*ENTRIES SUPPLIED*.
= = = = =
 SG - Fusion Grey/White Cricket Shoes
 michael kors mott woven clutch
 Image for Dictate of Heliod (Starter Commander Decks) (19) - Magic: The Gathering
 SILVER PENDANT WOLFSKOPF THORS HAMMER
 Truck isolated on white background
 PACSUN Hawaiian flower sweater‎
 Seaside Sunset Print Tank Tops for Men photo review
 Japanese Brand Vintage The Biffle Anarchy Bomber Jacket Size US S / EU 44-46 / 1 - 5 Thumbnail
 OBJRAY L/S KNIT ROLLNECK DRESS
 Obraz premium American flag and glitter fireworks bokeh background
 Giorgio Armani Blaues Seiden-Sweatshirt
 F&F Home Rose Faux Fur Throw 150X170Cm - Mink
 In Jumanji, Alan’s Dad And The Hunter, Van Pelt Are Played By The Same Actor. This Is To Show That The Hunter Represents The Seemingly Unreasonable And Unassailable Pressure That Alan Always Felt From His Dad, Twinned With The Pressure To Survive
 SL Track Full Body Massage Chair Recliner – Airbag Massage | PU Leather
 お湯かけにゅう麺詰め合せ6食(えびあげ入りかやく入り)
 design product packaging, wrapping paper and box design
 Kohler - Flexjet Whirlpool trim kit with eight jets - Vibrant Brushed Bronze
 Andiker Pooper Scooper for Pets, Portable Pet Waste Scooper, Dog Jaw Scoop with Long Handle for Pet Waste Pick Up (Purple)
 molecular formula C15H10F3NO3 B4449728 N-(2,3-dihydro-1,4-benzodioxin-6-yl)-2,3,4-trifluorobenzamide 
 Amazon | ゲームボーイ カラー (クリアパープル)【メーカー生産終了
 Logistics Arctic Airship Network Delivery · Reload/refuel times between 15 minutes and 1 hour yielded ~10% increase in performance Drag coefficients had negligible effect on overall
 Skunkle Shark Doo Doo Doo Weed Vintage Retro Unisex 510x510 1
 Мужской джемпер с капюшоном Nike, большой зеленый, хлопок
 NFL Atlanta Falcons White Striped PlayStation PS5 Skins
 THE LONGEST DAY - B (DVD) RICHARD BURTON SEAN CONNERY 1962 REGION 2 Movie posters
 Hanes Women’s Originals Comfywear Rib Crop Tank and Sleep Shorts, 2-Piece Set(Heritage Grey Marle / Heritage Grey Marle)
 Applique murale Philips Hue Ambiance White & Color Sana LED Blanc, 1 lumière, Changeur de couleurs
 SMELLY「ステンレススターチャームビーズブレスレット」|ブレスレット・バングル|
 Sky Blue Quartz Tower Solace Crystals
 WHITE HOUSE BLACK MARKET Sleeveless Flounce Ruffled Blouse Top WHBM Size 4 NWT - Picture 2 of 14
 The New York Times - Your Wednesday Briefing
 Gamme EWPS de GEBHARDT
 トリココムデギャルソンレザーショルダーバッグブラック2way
= = = = =
*YOUR INSTRUCTIONS*.
The expected result is an exact transcription of the lines from the one containing "Sky Blue Quartz Tower Solace Crystals" through the end of the records above; please include both ends.

*THE ANSWER*.
 Sky Blue Quartz Tower Solace Crystals
 WHITE HOUSE BLACK MARKET Sleeveless Flounce Ruffled Blouse Top WHBM Size 4 NWT - Picture 2 of 14
 The New York Times - Your Wednesday Briefing
 Gamme EWPS de GEBHARDT
 トリココムデギャルソンレザーショルダーバッグブラック2way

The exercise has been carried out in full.